The world’s reinsurers expect the intensifying financial market storm will allow them to push through higher prices for the risk cover they offer insurance companies.
The world’s No. 2 and No. 4 reinsurers, Munich Re and Hannover Re, on Monday predicted some business lines would see price increases of 10 percent or more in talks over the coming weeks to renew reinsurance contracts for 2009.
“We have come back to a ‘hard market’,” said Munich Re management board member Ludger Arnoldussen, referring to reinsurers’ strong pricing power in helping to shoulder the risks on the books of their insurance clients. “We expect significantly higher prices, with percentage increases definitely going into the double-digit range,” he said at a news conference in Baden-Baden, where reinsurers and their insurance company clients are meeting to hammer out contract terms.
Munich Re typically renegotiates about two-thirds of its worldwide property-casualty reinsurance business during the January Renewals, equivalent to €8.5 billion ($10.62 billion) in premiums last year.
Others predicted less dramatic strengthening of reinsurers’ pricing power. “We will see a rise,” agreed David Watson, head of European business at U.S. reinsurer XL Re. “There will be mark-ups in property/casualty business,” he told Reuters in an interview, adding that reinsurance prices were likely to move most in the U.S. market and only slowly in emerging markets such as Asia.
The financial market meltdown has prompted writedowns and drained investment income at insurers, siphoning off some of their equity capital base. This has increased the demand for and reduced the supply of reinsurance cover, industry players said.
PRICING POWER
Munich Re for months has been predicting that the fallout from the crisis would bolster reinsurance prices, but as recently as last month, when reinsurers convened in Monte Carlo for their annual discussion of the reinsurance market outlook, many industry observers predicted a further price decline.
“The Financial crisis has become much more dramatic since Monte Carlo,” said Jochen Koerner, regional head for middle Germany at the world’s biggest insurance broker Marsh.
In addition to the financial market woes, insured losses from disasters have also been significant.
Apart from Hurricanes Gustave and Ike, which have cost the industry at least $20 billion, there have been more than seven events costing more than $500 million each, Koerner said. “All those factors may lead to rising premiums prices, which the reinsurers will see first, and insurance company clients will see with a lag of perhaps a year or 18 months,” he said.
The broad effect of the financial turmoil and losses for the insurance industry will even begin to filter through to industrial and motor insurance in Germany, two areas that have been unable to resist downward price pressure in recent years. “We’ll probably see stagnation in the January 2009 renewals, followed by slight increases over the course of next year,” though individual accounts could still see some declines, Koerner said.
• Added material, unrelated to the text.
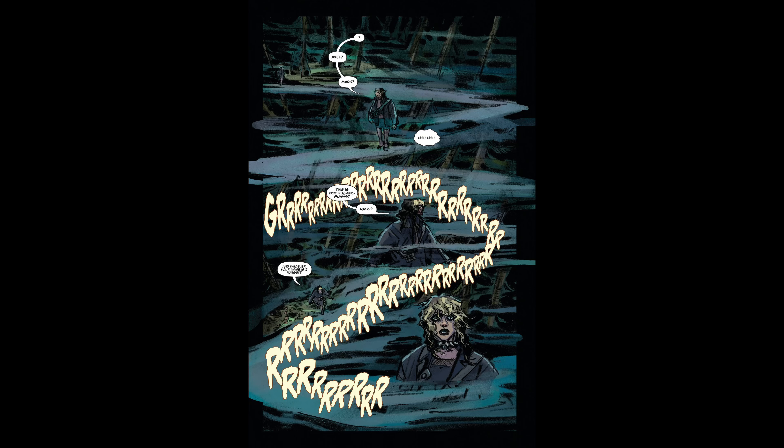I like the premise, and Vanessa Del Rey's artwork is really spectacular — it's perfect for this kind of horror book. It's just really too early to make a call on it. It's got good concepts but we'll have to see where it goes from there. It's a little iffy — it's certainly not bad, but this book is definitely going to key on the second issue.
While many observers say reinsurers have a tendency to talk tough ahead of contract talks with insurance companies, investors are giving reinsurers the benefit of the doubt.
Munich Re’s shares have fallen 35 percent so far this year, while Hannover Re has fallen nearly 56 percent, but both have outperformed the nearly 60 percent decline in the DJ Stoxx index of European insurance shares. “The price of risk will rise,” Marsh’s Koerner said.